Friday, January 6, 2017

Book Review: Tara Hardy's My, My, My, My, My,

Last month I went to the the book release for My, My, My, My, My, and I was completely blown away by Tara Hardy's performance of her works and by her immense generosity with us as an audience. Her warmth engulfed us. And since then it's taken me a month to read through her book. Yes, because life is busy (graduated from my MFA program and all so woo hoo), but also because the 124 page book of confessional and musical poetry and prose is huge and magical. We're talking a freaking Tardis of a book here people.


Let me explain. To me, the most remarkable trait of My, My, My, My, My, is its cohesive tone. It maintains this unity of voice despite the wide range of themes and topics and especially despite Hardy's diverse use of poetic and prosaic forms and approaches. These potentially disparate elements are held together in part by the repetition of motifs and scenes. The recurrence of a scene between a spider and a ladybug, and the refrain of a lilac tree named Miss Lady offered solid welcoming footholds and echoed the harsher but similarly steady echoes and monotonous repetitions of what it is to live with illness or what it is to live with your trauma always in you.

What cements the cohesion of My, My, My, My, My, as miraculous, what gives it its strange magic is that it is held together through deep dives into many and particularly heavy topics. This book is not a simple book. It is not an "easy" read. In the month it took me to read it, I had to put it down several times because it struck me so strongly. I know it's corny and I don't care: It brought me to tears on multiple occasions and made me laugh out loud alone in my bedroom and once while on the train to the airport. My, My, My, My, My, is a book about growing up, it's about body, it's about divorce, it's about getting sick and getting sicker and fearing death until that fear becomes as familiar as the feel of a butterknife in your hand, it's about abuse and incest, it's about the saving grace of a dog's face, it's about survival and it's also a guide for how to survive and how to revel in this sharp glinting gift of life.

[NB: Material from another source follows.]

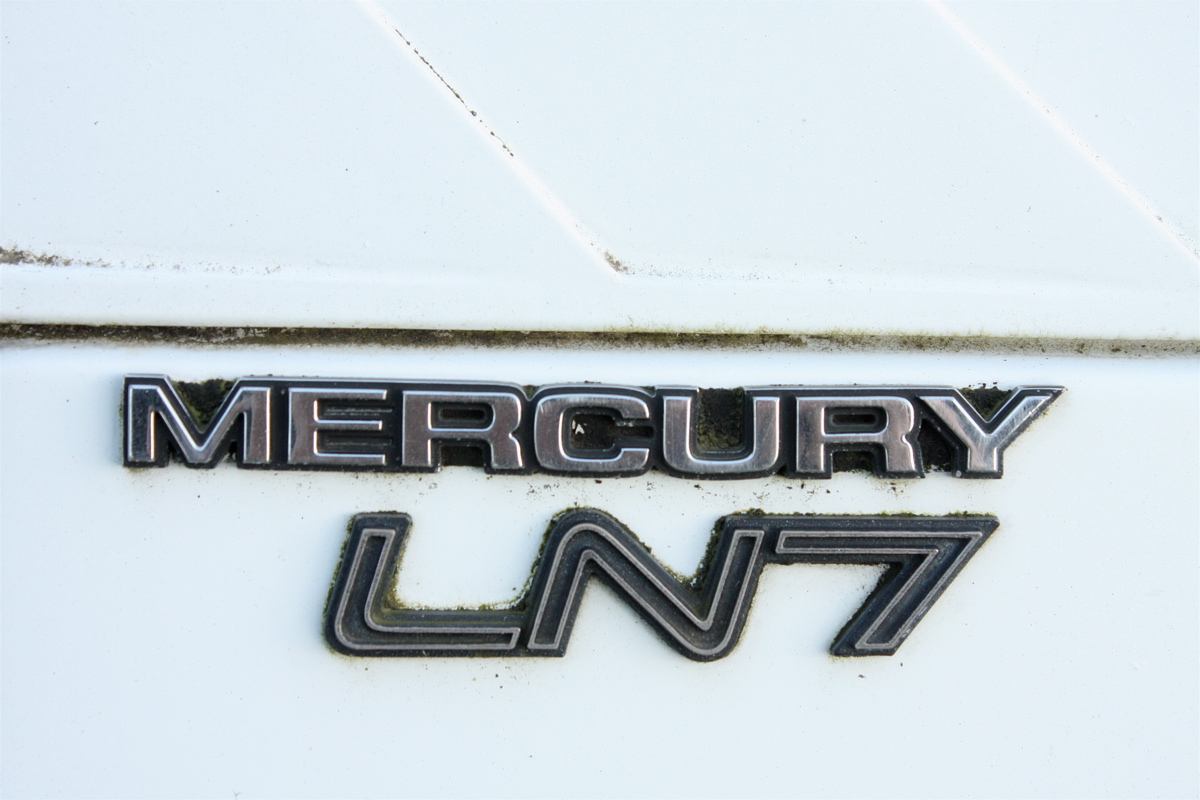 OLD PARKED CARS. 1985 Mercury LN7.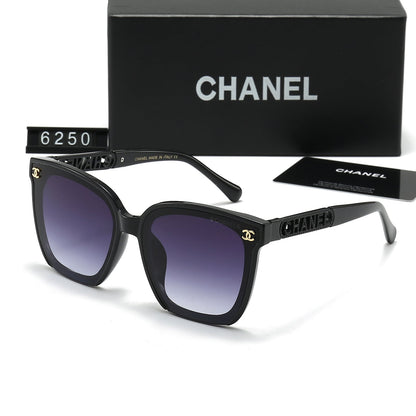 2026 Classic Woman's Diamond Letters Frame Sunglasses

My, My, My, My, My, is not a book about balance, it is balance incarnate. It embodies the deeply shifting struggle and triumph of staying alive. The specifics of Hardy's life will draw you in but it is her alchemically balanced mode of storytelling that will invite you and your own struggles and triumphs into the book. Hardy's gift in My, My, My, My, My, is the pocket she opens for the reader to crawl into. When you finish My, My, My, My, My, the book, and everything in it will belong to you completely. And also you will belong more to yourself.